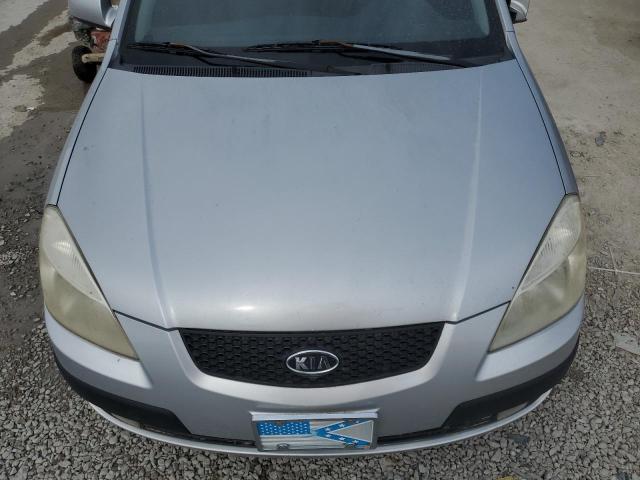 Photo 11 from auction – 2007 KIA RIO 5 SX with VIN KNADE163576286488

········

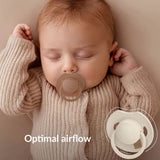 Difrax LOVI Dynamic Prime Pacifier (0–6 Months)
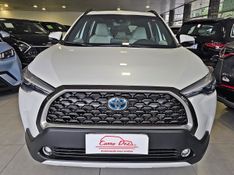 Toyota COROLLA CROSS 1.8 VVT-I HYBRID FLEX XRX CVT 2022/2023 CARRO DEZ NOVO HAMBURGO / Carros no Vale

········

◆ Exercise prompt:
Output only the lines above from the one containing "Difrax LOVI Dynamic" to the one containing "Toyota COROLLA CROSS", both included, exactly as written and with no pictures.

◆ Problem solution:
 Difrax LOVI Dynamic Prime Pacifier (0–6 Months)
 Toyota COROLLA CROSS 1.8 VVT-I HYBRID FLEX XRX CVT 2022/2023 CARRO DEZ NOVO HAMBURGO / Carros no Vale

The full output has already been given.